May 15, 2012
With world attention growing on Chicago protests against this weekend’s NATO summit, the centennials of two cultural icons of American progressive protest are being celebrated here this week.
A series of events is commemorating what would have been Studs Terkel’s 100th birthday, including two events Wednesday, and a concert on Saturday marks Woody Guthrie’s centennial.
Studs and Woody had a lot in common. Both were products of the Great Depression, Studs first finding his voice writing and acting for the WPA; Woody, having hitchhiked and ridden the rails to California, hosting and performing on a radio show for fellow Okie refugees from the Dust Bowl.
Both were prolific, Studs hosting a daily radio show on WFMT for 45 years and writing 18 books, many of them bestsellers, the final one at age 96; Woody writing thousands of songs. Each created a body of work reflecting their close identification with ordinary people. And both lent their talents to countless progressive causes, speaking and performing at innumerable protest rallies.
As a disc jockey in the 1940s, Studs was “one of the first to promote artists like Mahalia Jackson, Pete Seeger, Woody Guthrie, Big Bill Broonzy,” according to his New York Times obituary.
And a Woody Guthrie song helped catalyze Studs’ career as an interviewer. According to the Times, Studs contacted WFMT and began working there after hearing the station broadcast Woody Guthrie in 1952 and wondering, “Who plays Guthrie records besides me?”
Fittingly, Terkel’s signature sign-off on his radio show came from “Talking Union Blues,” by Guthrie’s Almanac Singers: “Take it easy, but take it.”
The Studs Terkel Centennial Committee holds a 100th birthday party at 5:30 p.m. on Wednesday, May 16, at the Newberry Library (60 W. Walton), blocks from the Grand-Wells Hotel where Studs grew up, and across the street from Bughouse Square, where he was schooled by soap-box oraters. Writers, activists, journalists and historians will share Terkel stories. It’s free, and there’s cake.
Also Wednesday, at 6:30 p.m., the Chicago History Museum (1601 N. Clark) hosts WFMT critic-at-large Andrew Patner exploring Terkel’s life and legacy through radio and TV clips from his 75-year broadcasting career (from the Terkel tapes archived at CHM, now being digitized by the Library of Congress). It’s $15, $10 for members. (Patner’s interview with Terkel is available here.)

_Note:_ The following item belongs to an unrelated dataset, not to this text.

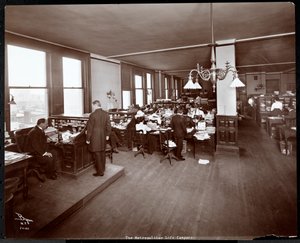 1907年にニューヨークの23rd StreetとMadison AvenueにあるMetropolitan Life Insurance Co.のオフィスのデスクで働いている男女（銀ゼラチンプリント）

There’s more, too: Steppenwolf Theater features a free reading form Terkel’s “Will the Circle Be Unbroken,” Monday, May 21, 7 p.m. (1650 N. Halsted), and a Studs Terkel Film Festival will feature clips from “Studs’ Place,” his early-1950s live TV show set in a Chicago diner, at CHM on June 2 and the Cultural Center on June 17.

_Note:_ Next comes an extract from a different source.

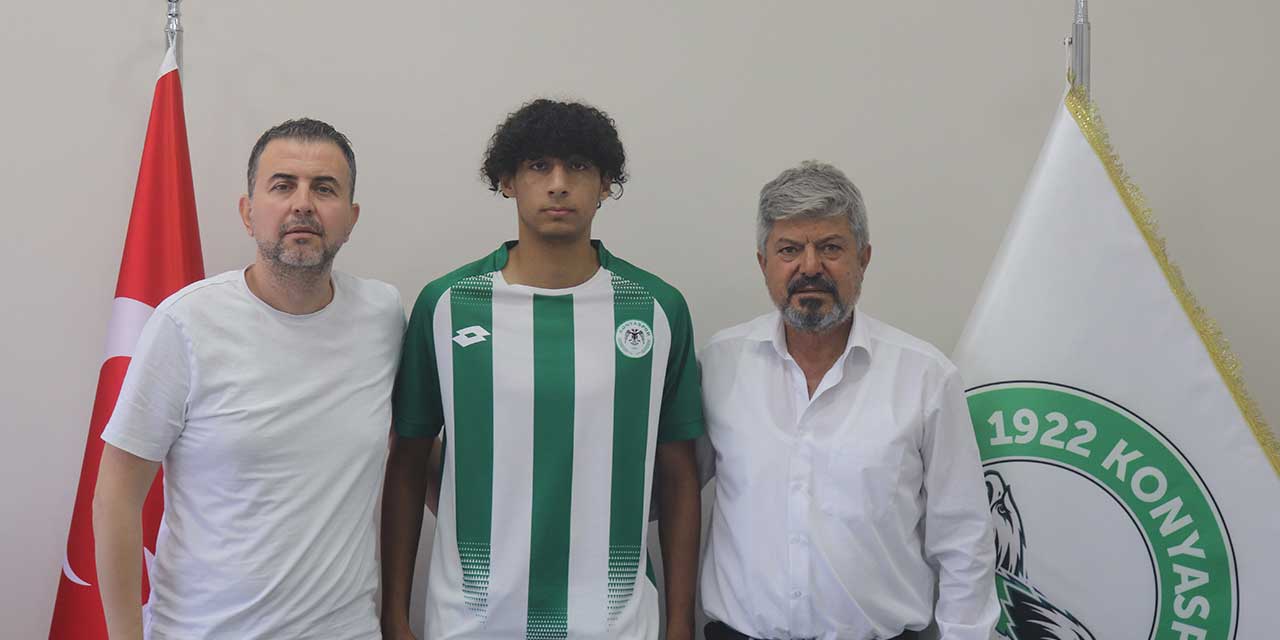 Yaşar Kavas 1922 Konyaspor ile sözleşme imzaladı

To honor the pioneer oral historian, the Jane Addams Hull House Museum has set up a hotline where you can call and record your own Studs Terkel story. WFMT (98.7 FM), which broadcasts “The Best of Studs Terkel” every Friday at 10 p.m., will feature highlights from his shows on Wednesday from 1 to 7 p.m.
Portoluz is presenting a centennial celebration of Woody Guthrie on Saturday, May 18 at 7 p.m. at Metro, 3730 N. Clark; tickets are $25-$55. It’s headlined by Tom Morello, of Rage Against the Machine fame, who has often performed to support progressive causes (his appearance
Thursday Friday at the National Nurses Union rally in Daley Plaza has already caused some stir).
He’ll be joined by Holly Near, a major figure in the women’s music movement that emerged in the 1970s, whose anthemic songs include “No More Genocide in my Name,” “Hoy Una Mujera Desaparecida,” and “Singing for our Lives,” written after Harvey Milk was assassinated; the Klezmatics, who recorded Guthrie’s little-known Hanukkah songs and songs about Jewish tradition, written while he lived in Coney Island in the 1940s; and Toshi Reagon, who continues and updates the civil rights Freedom Singers music of her mother, Bernice Johnson Reagon.
Also Jon Langford of the Waco Brothers and the Mekons, which performed to support the 1984 UK miners’ strike; Son del Viento, which performs jarocho music, often appearing in support of progressive causes; Bucky Halter, songwriter and historian who performs labor and working-class protest music, including programs of Guthrie’s music; and Kevin Coval, local hip-hop spoken word artist and founder of Louder Than A Bomb, Chicago’s youth poetry festival.